Once the preservation system was put into production (2010) and for almost eight years, the group maintained an episodic activity, solicited on specific subjects. In 2015, an internal report on the governance of digital preservation reaffirms the need for a body to monitor and study data and metadata formats. It took almost three years to set up this group until, in 2018, redefined and revitalised, it took off!
The ‘Formats’ working group
The new working group “Données et métadonnées pour la préservation” (quickly abbreviated to “Groupe Formats”) had its charter redefined in 2016-2017. The task consisted in particular in identifying the organisational units that had to assist the group, either because they already had recognised experts on one of the subjects, or because they had stewardship on specialised collections and were therefore bound to develop their expertise on a specific type of content.
As of today, the group gathers 25 agents, working in specialised departments (Departments of Prints and Photography, Performing Arts, Audiovisual, Maps and Plans, Music) and in support departments (Departments of Information Systems, Conservation, Metadata, Cooperation3, Images and Digital Services4, Institutional Archives).
The group is also intended to be a space for knowledge transmission from experts to librarians responsible for new digital collections.

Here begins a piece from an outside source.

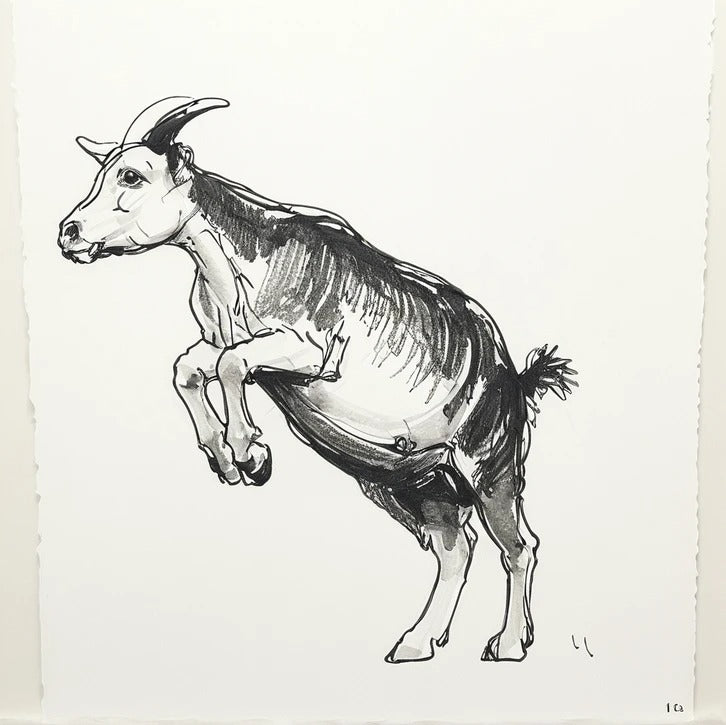 Work in Progress – Diddly Squat Scale model Goats  25 July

It aims to involve the latter in decisions that may seem technical, but which directly affect the information preserved and the uses that can be made of it in the future5.
The method
In order to allow experts to work simultaneously on different parts of the policy document and to encourage micro-contribution, we have chosen not to work exclusively in the BnF production base6, but to develop the part that had to be collaboratively established using the software development platform GitHub (https://fr.github.com/), and more specifically its wiki7. A large number of the members were thus able to discover and familiarise themselves with this now indispensable tool. The contents are hosted in a space dedicated to BnF hackathons, highlighting their experimental and constantly revised status. The aim was to show the process of increasing competence and developing knowledge and know-how on data formats within BnF. Each of the contents is therefore marked by a state of progress in the form of badges: only those marked as “validated” are considered to be communicable, although access to the others is not restricted.

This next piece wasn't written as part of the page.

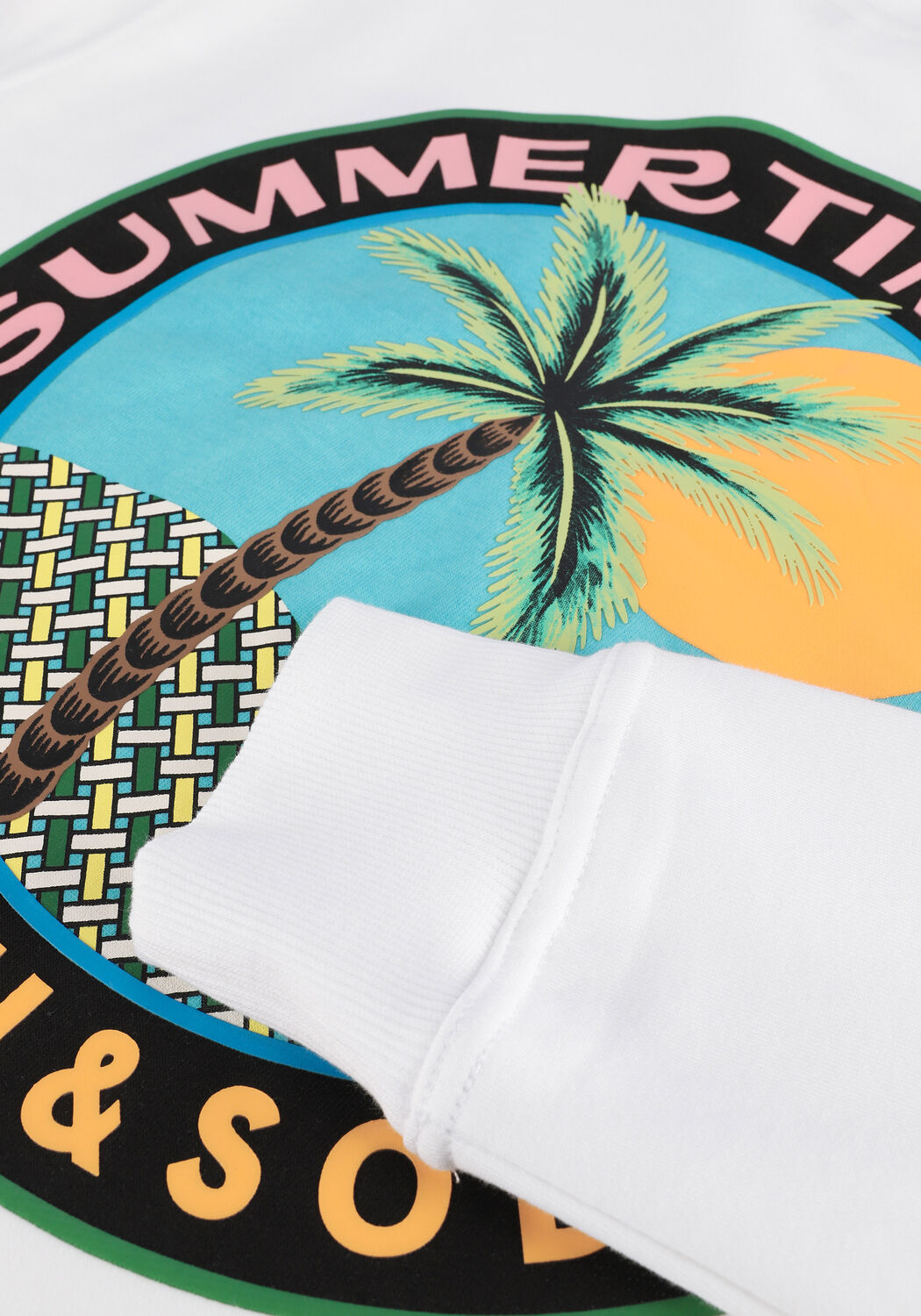 Wei&szlig;e SCOTCH & SODA Sweatshirt SEASONAL LOGO-ARTWORK CREWNECK SWEATSHIRT - large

Surprisingly, the lockdown, declared in France from March 17th to May 11th, has enabled the group to make significant progress. Isolated in their own homes, freed from many of the obligations related to public service or to digitisation contract management, and from all other daily tasks, the group members were able to devote more working time to formats studies.
Generally more computer-literate than the average BnF staff member, the group members continued to work collectively, and the organization of weekly videoconferences on the subject also favoured the group cohesion8 . Finally, the choice of GitHub paid off, as it remained accessible from the personal equipment of most of the agents, unlike the BnF production bases.
The regular meetings became an opportunity to start training in the particular way that digital preservation specialists look at formats. We have thus been able to promote the tools developed by the international community (JHOVE, in particular) and by BnF (in particular the Preservation Planning module developed five years earlier and still under-used). Finally, the group is the ideal place to learn and use the common vocabulary of digital preservation9.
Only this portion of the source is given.